# dogs are weird



## Kithy (Nov 21, 2012)

I have two Pomeranians but one took a more potent liking to me while my first pom obviously worships my husband. Anyway, Meeko. My little lap dog. He does this thing that makes me burst out laughing and I have to know if anyone else's dogs do this!

He sits on my lap a lot. He's a 9 lb dog so it's not a big deal and that's why I chose poms. But he'll be sitting there while I pet him and he'll just like, make a head flop onto my chest, kind of like a soft head butt. It is so silly and I laugh every time he does it!

Does anyone else have a dog or cat that does this? It's absolutely ridiculous.


----------



## shellieca (Jul 12, 2012)

My 8# Chi does pretty much the same thing. She'll sit up on my lap & put her head back against my chest so she's looking up at me & its the most precious thing. Or I'll hold her & she'll put her head on my shoulder, I call it a hug, and I give her lovings.


----------



## Kithy (Nov 21, 2012)

I've always loved dogs but small dogs seem so much more easily bonded to people than the larger ones I've had!

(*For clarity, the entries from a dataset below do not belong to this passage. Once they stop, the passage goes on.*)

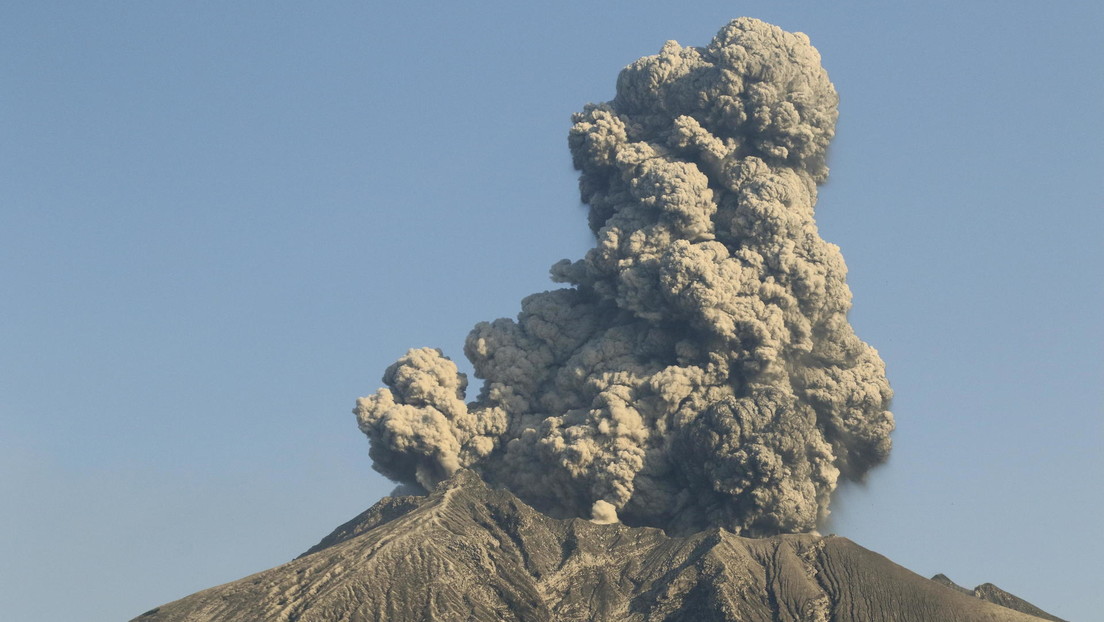 Entra en erupción el volcán Sakurajima en Japón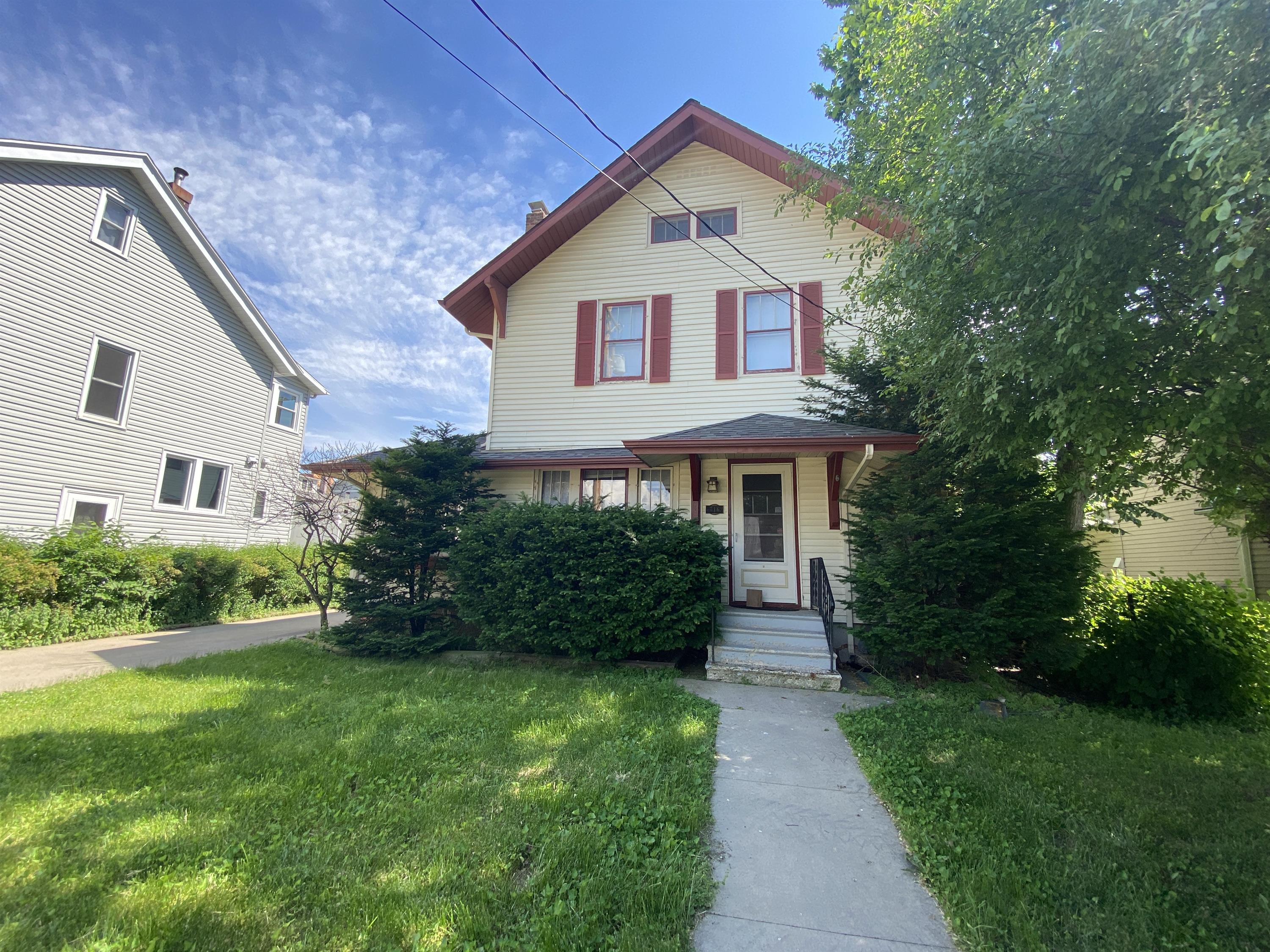 Property main image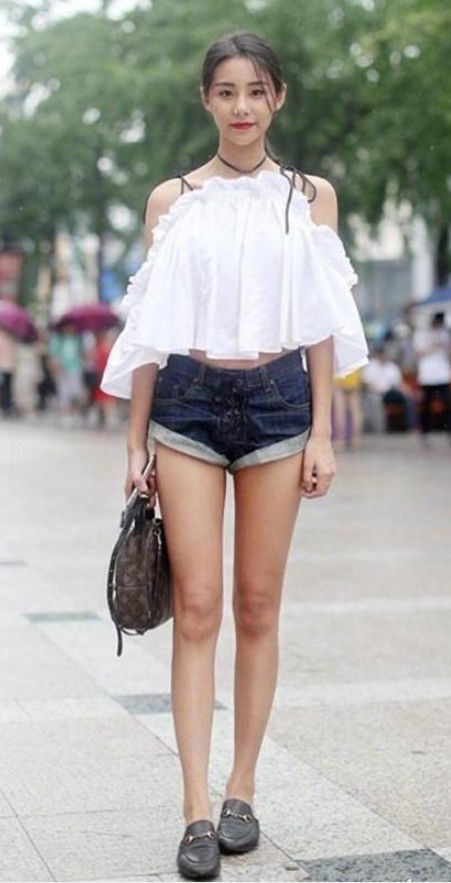 街拍：逛街中的牛仔热裤美女，颜值好的没话说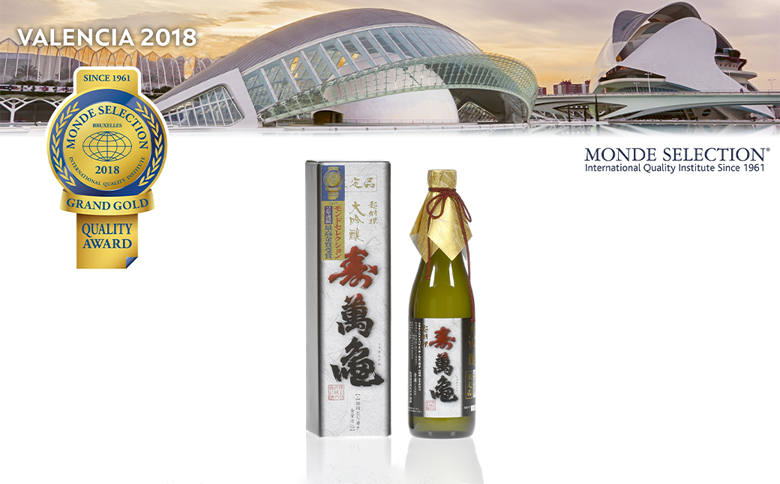 【寿萬亀-亀田酒造-】超特選大吟醸『寿萬亀』720ml　[0020-0100]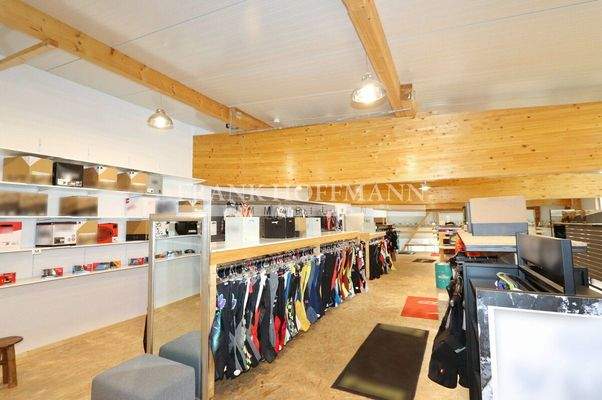 M2457 OG - Verkaufsfläche 1.3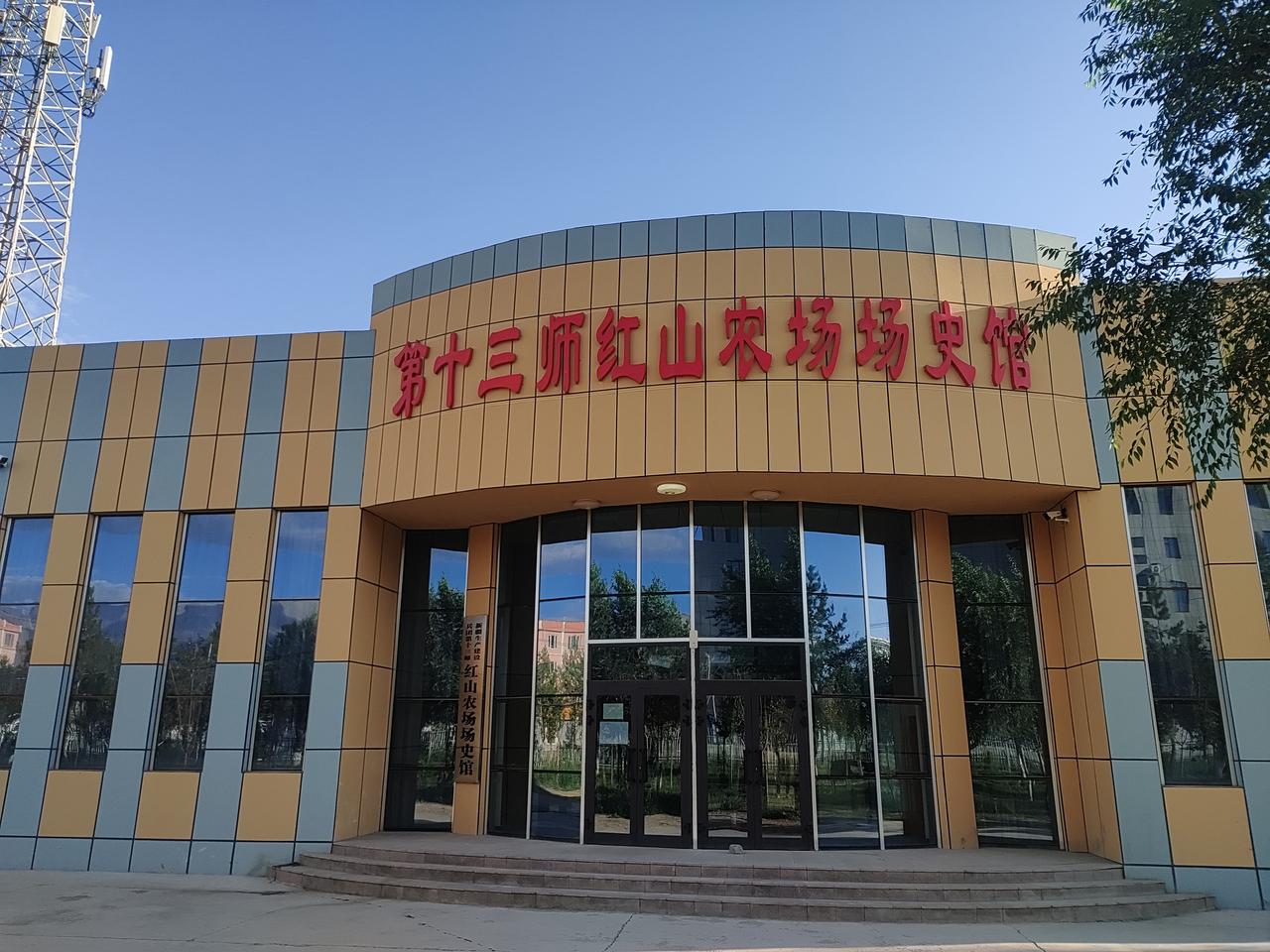 新疆是个好地方去过巴里坤古城库木塔克沙漠江布拉克还有天山怪坡…那里也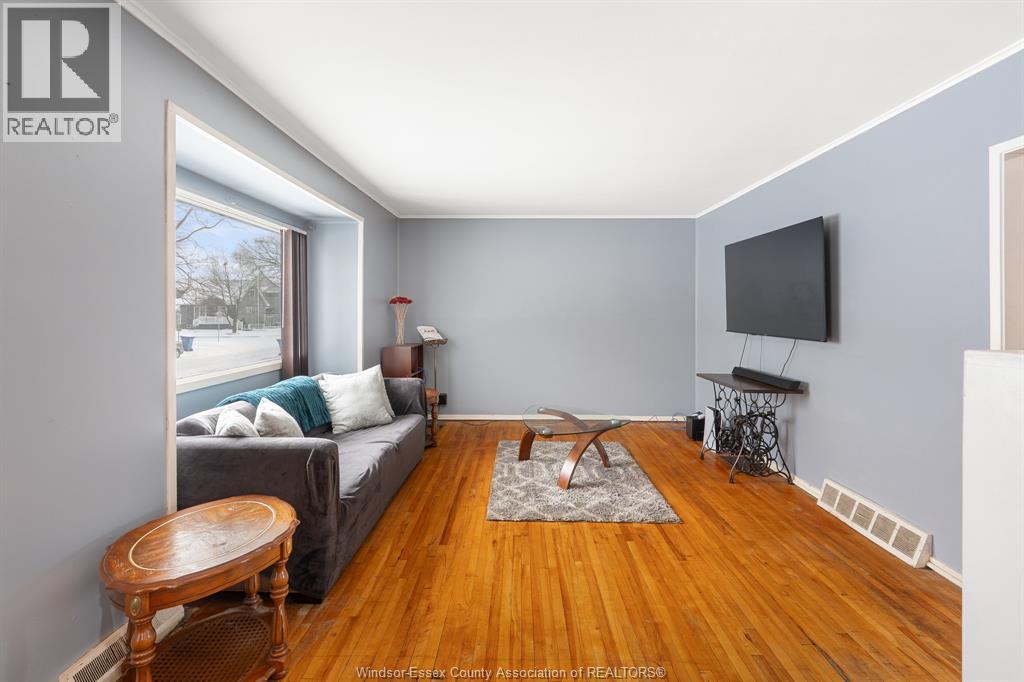 1883 Larkin Rd, Windsor, Ontario  N8W 4G7 - Photo 7 - 26000114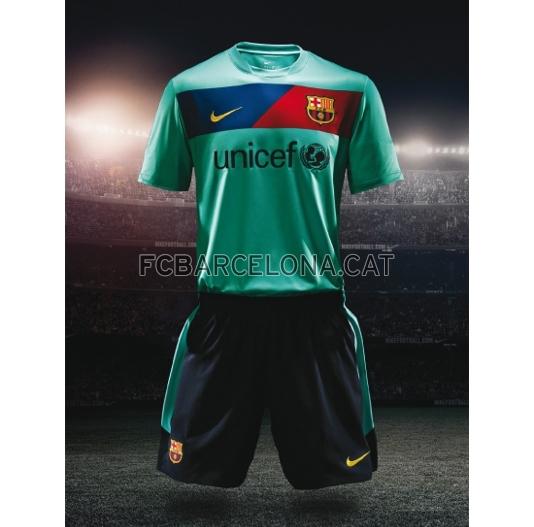 FC_Barcelona_2010-2011_Away_kit.jpg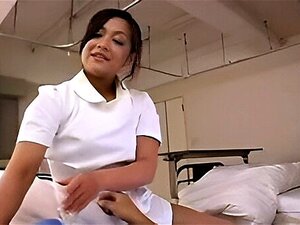 Sumérgete en el mundo sensual del masaje erótico japonés con una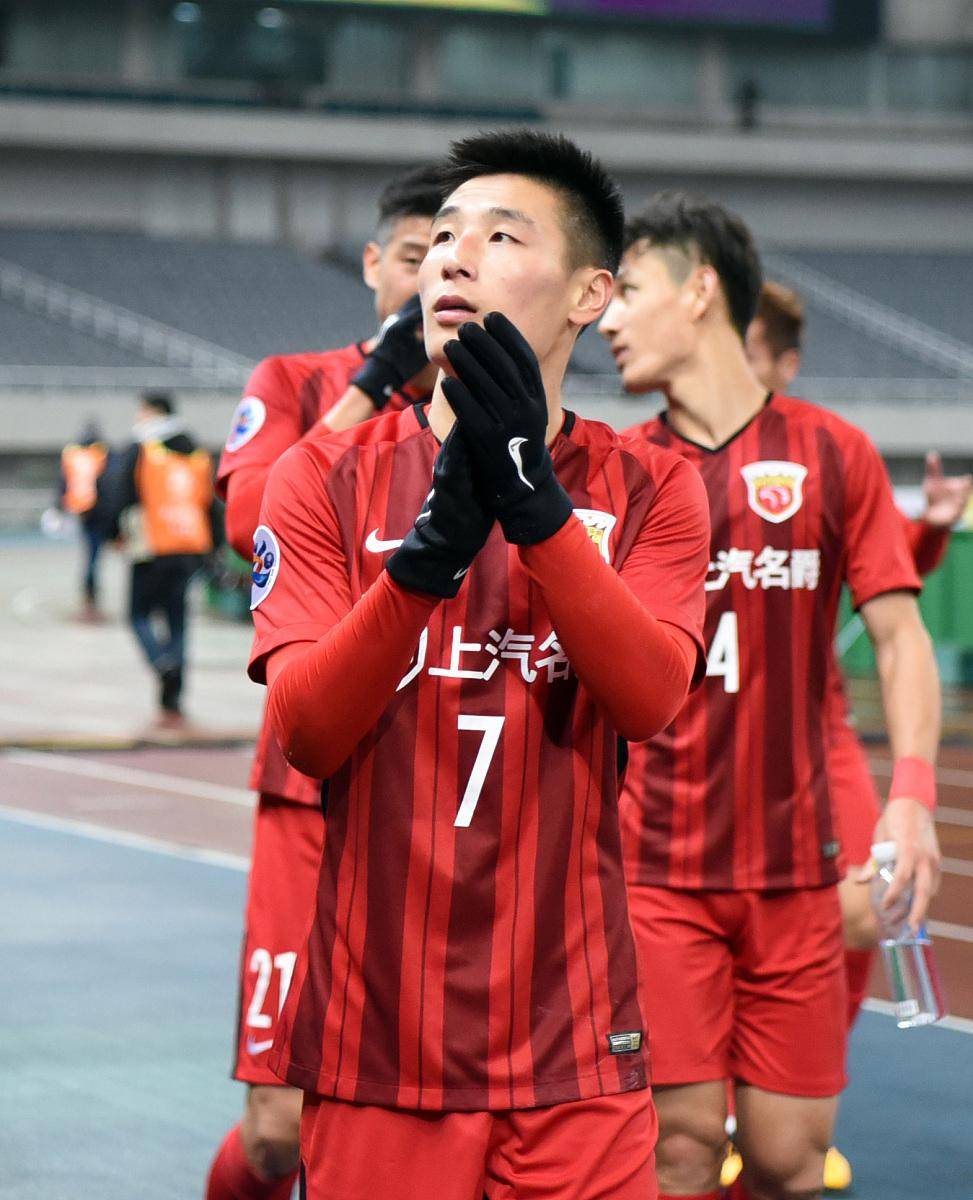 华体会app-球队主力球员伤愈复出，备战势不可挡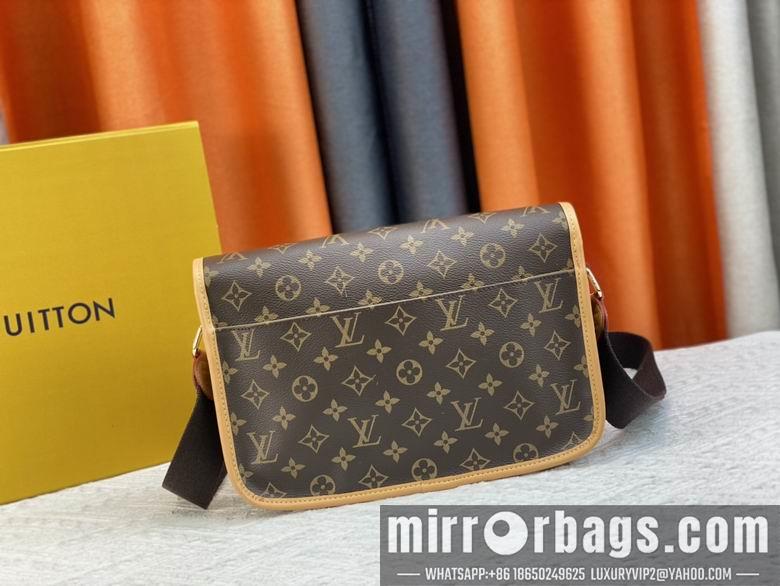 1:1 Louis Vuitton Bags M42247 32X21X8cm XM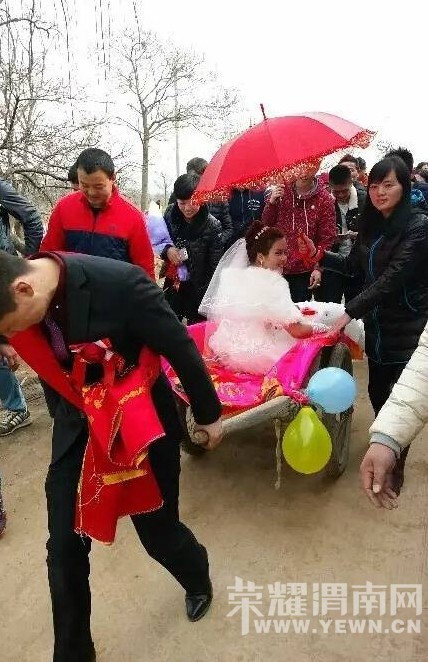 μ������С����ӳ�ӭȢ����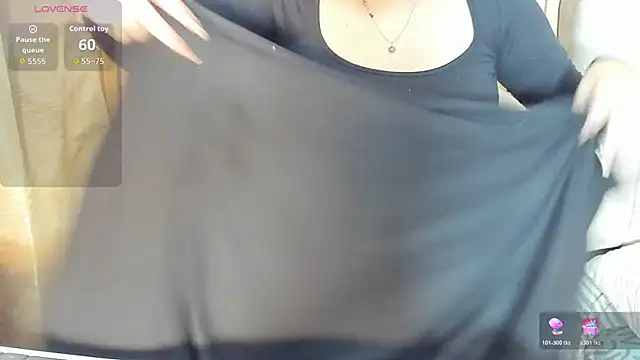 Snapshot of _ghaliaa chatting on February 5, 2026, 2:13 pm ghaliaa online show from February 5, 2026, 2:13 pm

I love that little hug thing! Both mine do it though Meeko moreso than my other pom lol I am glad I am not the only one with overly adorable dogs.


----------



## shellieca (Jul 12, 2012)

I think people tend to "baby" small dogs more than larger ones, you can pick them up & cuddle them easier, they can lay on your lap for hours; big dogs not so much.  I had a 105# Lab & she was quite bonded to me, followed me everywhere, wouldn't eat well if I didn't feed her & wanted me to love on her all of the time.


----------



## Kithy (Nov 21, 2012)

Ahh you definitely have a point. It's easy to baby when they're puppies but after a certain weight it's kind of hard to let them sit on ya.

I had originally wanted a large dog but with a small child and cats we decided a small dog would be best for our lifestyle and time.


----------



## jaysee (Dec 9, 2009)

Most people would say that the bigger dogs are better with small children. They can take much more abuse (small dogs are much easier to injure) and tend to play a guardian role over children. However, big dogs come with big responsibilities so it's certainly a balance there.

I'm glad my gf's kids are older so I don't have to worry about them with my chihuahuas, but when there's a baby some extra attention will likely be required.

And yes, my chis do that too :-D


----------



## Kithy (Nov 21, 2012)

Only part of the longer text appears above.